Both Zu and Lady Lu then reported the song to Gao Wei to further foster his suspicion of Hulü. Gao Wei consulted another favorite, Han Zhangluan, who believed that he should not suspect Hulü, so Gao Wei initially took no action. Zu, however, would not relent, and he had Hulü's subordinate Feng Shirang (封士讓) make a secret submission indicating that when Hulü had brought the army close to Yecheng in 571, he was plotting a coup. Gao Wei believed it this time, and under Zu's suggestion, he awarded Hulü a horse, and then, as Hulü arrived at the palace to thank the emperor, he had his guard commander Liu Taozhi (劉桃枝) seize Hulü and strangle him to death. Hulü's clan was slaughtered except for his youngest son Hulü Zhong (斛律鍾), and Empress Hulü was deposed. Subsequently, Lady Lu tried to have her adoptive daughter Consort Mu Sheli made empress, but was forced to compromise with Empress Dowager Hu to have Empress Dowager Hu's niece Consort Hu made empress, a proposal that she had to formally make jointly with Zu.

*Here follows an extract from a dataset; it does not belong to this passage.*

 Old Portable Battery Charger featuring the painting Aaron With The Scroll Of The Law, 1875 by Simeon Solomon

Meanwhile, Zu, controlling the government, wanted to reorganize it to make it more efficient, reducing duplication in official responsibilities and wastefulness. He also wanted to remove incompetent and/or corrupt officials as well as reducing the ranks of eunuchs—but Lady Lu and Mu Tipo opposed. He therefore entered an alliance with Empress Hu's brothers Hu Junyu (胡君瑜) and Hu Junbi (胡君璧), promoting them and hoping that they would assist him. He also had his associate Li Bolü (麗伯律) accuse Mu Tipo's associate Wang Zichong (王子沖) of accepting bribes—knowing that if Wang were convicted, both Mu Tipo and Lady Lu would be implicated. Lady Lu, however, figured out what was happening, and found ways to have Hu Junyu and Hu Junbi demoted, and further had Empress Hu deposed in late 572 and replaced with Consort Mu.
Fall from PowerEdit
Zu began to suffer in his relations with Gao Wei, as the eunuchs were by now defaming him. When Gao Wei consulted Lady Lu and Han, both Lady Lu and Han used the opportunity to accuse Zu of crimes. Gao Wei, because he had sworn an oath to Zu earlier, spared him from death, but demoted him to the governorship of North Xu Province (北徐州, roughly modern Linyi, Shandong). When Zu initially refused to leave the palace, Han had him dragged out.

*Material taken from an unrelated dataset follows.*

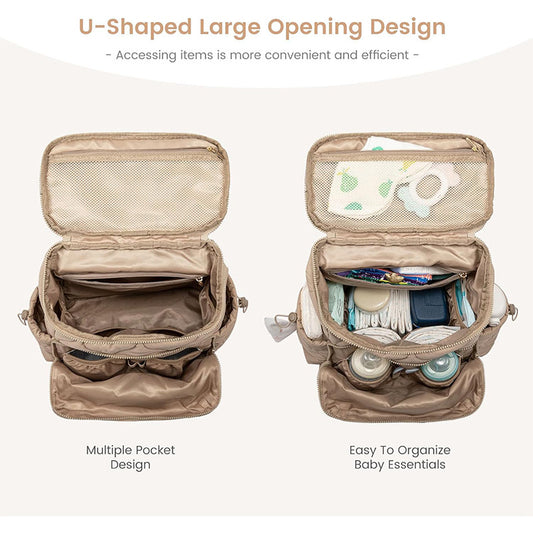 Trendy Lightweight Diaper Bag Backpack – with Changing Pad, Insulated Pockets & Pacifier Case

Also in 572, Chen launched a major attack on Northern Qi, capturing the area between the Yangtze and Huai Rivers within a span of several months. Agrarian rebellions rose in Northern Xu Province as a response to the Chen attack, and the rebels soon approached the capital of the province. Zu made surprise attacks on the rebels—particularly surprising them because they knew that he was blind and thought it would be impossible for him to battle them. Despite the lack of reinforcements (as Mu Tipo refused to send them, hoping that the rebels would kill Zu for him), Zu, after battling some half a month, defeated the rebels. Zu subsequently died while still serving as the governor of North Xu Province, but the year is not recorded in history.